• [Exercise brief]
Begin at the line with "含棉新款长袖睡裙女秋天洋气大码过膝中长款裙子开叉连衣裙家居服 纯色(灰色) M(建议100斤以内)" and set down each line exactly until the listing ends. Images stay out.

• [Excerpted records]

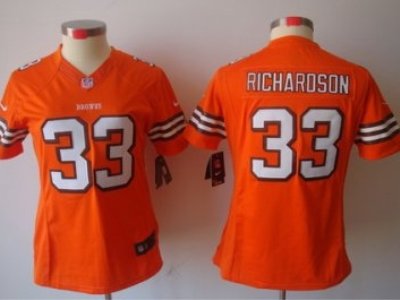 Women Cleveland Browns 33 Trent Richardson Orange Jerseys
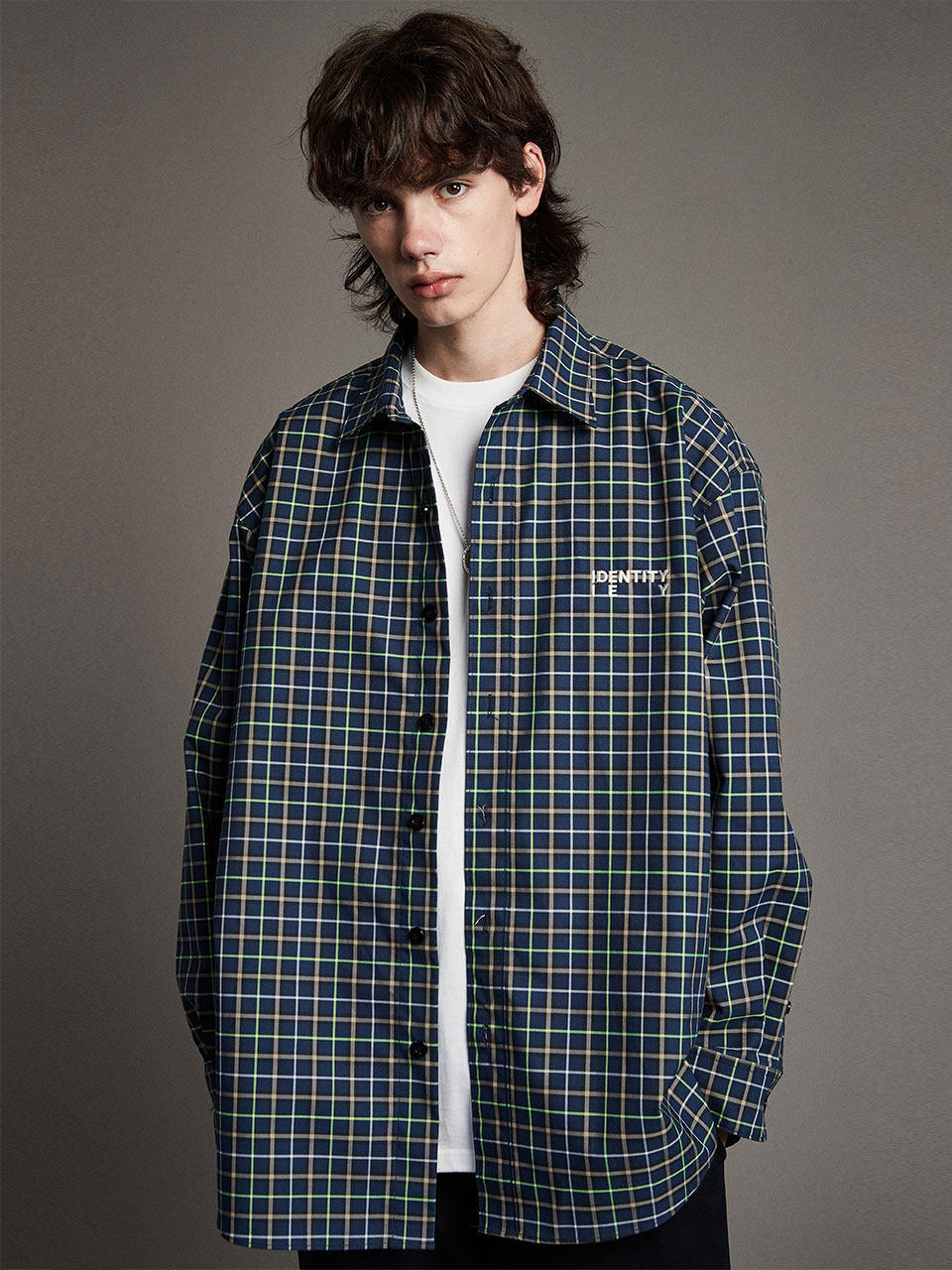 IEY - OVER CHECK SHIRTS Navy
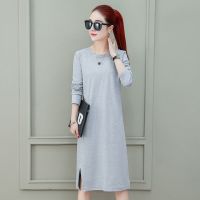 含棉新款长袖睡裙女秋天洋气大码过膝中长款裙子开叉连衣裙家居服 纯色(灰色) M(建议100斤以内)
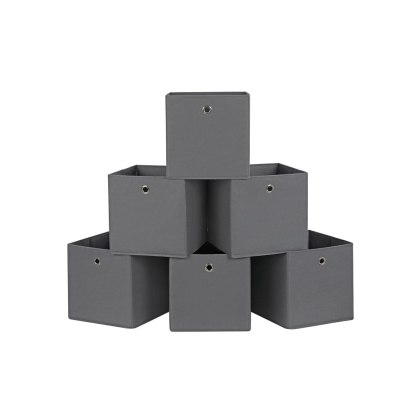 Zestaw 6 składanych pudełek do przechowywania Składane pudełko z otworem na palec 30 x 30 x 30 cm beżowy RFB02M-3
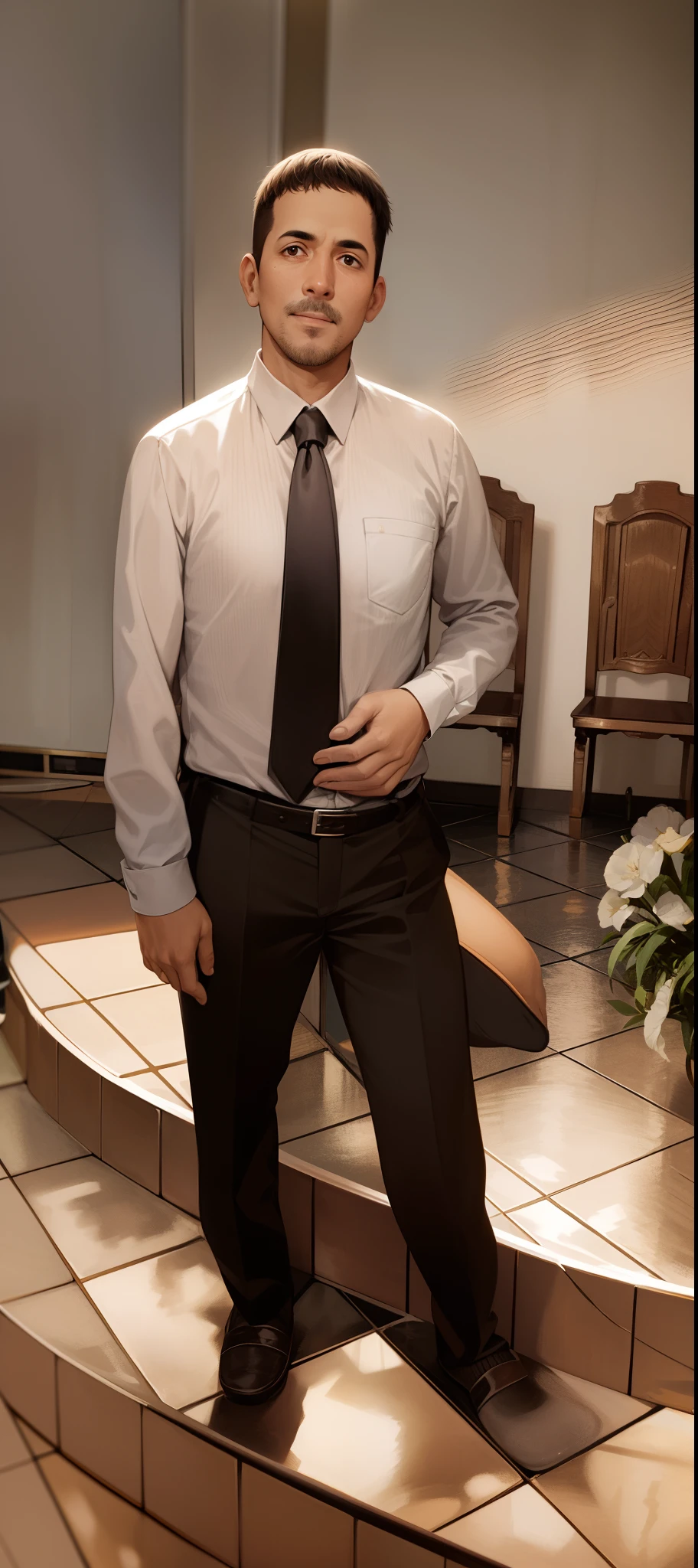 There's a man standing on a set of stairs wearing a tie, imagem de corpo inteiro, traje formal, vestindo uma camisa com gravata, ready for a meeting, foto de corpo inteiro, vestindo camisa, ele tem cerca de 50 anos, ele tem cerca de 5 0 anos de idade, imagem de qualidade muito baixa, Mohamed Chahin, full body photgraph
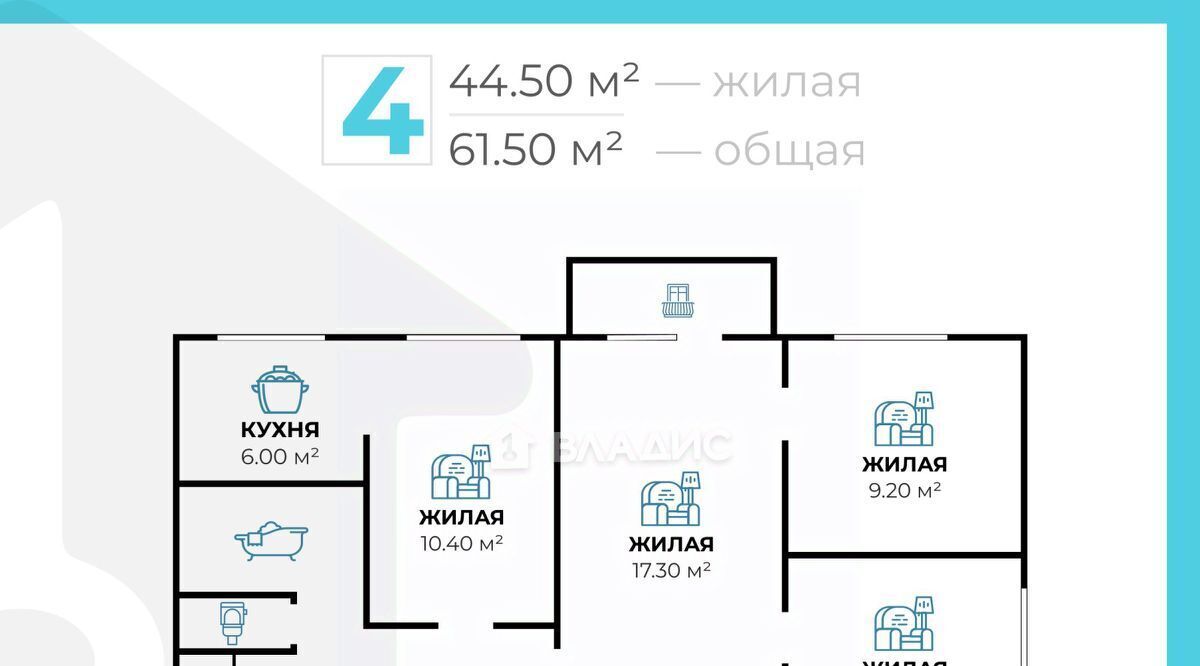 квартира г Волгоград р-н Красноармейский ул им. Голубева 3 фото 15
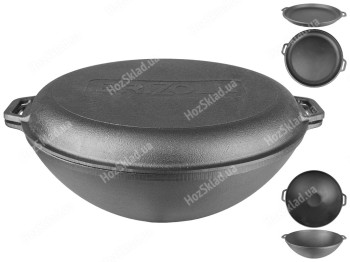 Казан чугунный с чугунной крышкой-сковородой Wok Brizoll 8л W36-3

• [Finished exercise]
 含棉新款长袖睡裙女秋天洋气大码过膝中长款裙子开叉连衣裙家居服 纯色(灰色) M(建议100斤以内)
 Zestaw 6 składanych pudełek do przechowywania Składane pudełko z otworem na palec 30 x 30 x 30 cm beżowy RFB02M-3
 There's a man standing on a set of stairs wearing a tie, imagem de corpo inteiro, traje formal, vestindo uma camisa com gravata, ready for a meeting, foto de corpo inteiro, vestindo camisa, ele tem cerca de 50 anos, ele tem cerca de 5 0 anos de idade, imagem de qualidade muito baixa, Mohamed Chahin, full body photgraph
 квартира г Волгоград р-н Красноармейский ул им. Голубева 3 фото 15
 Казан чугунный с чугунной крышкой-сковородой Wok Brizoll 8л W36-3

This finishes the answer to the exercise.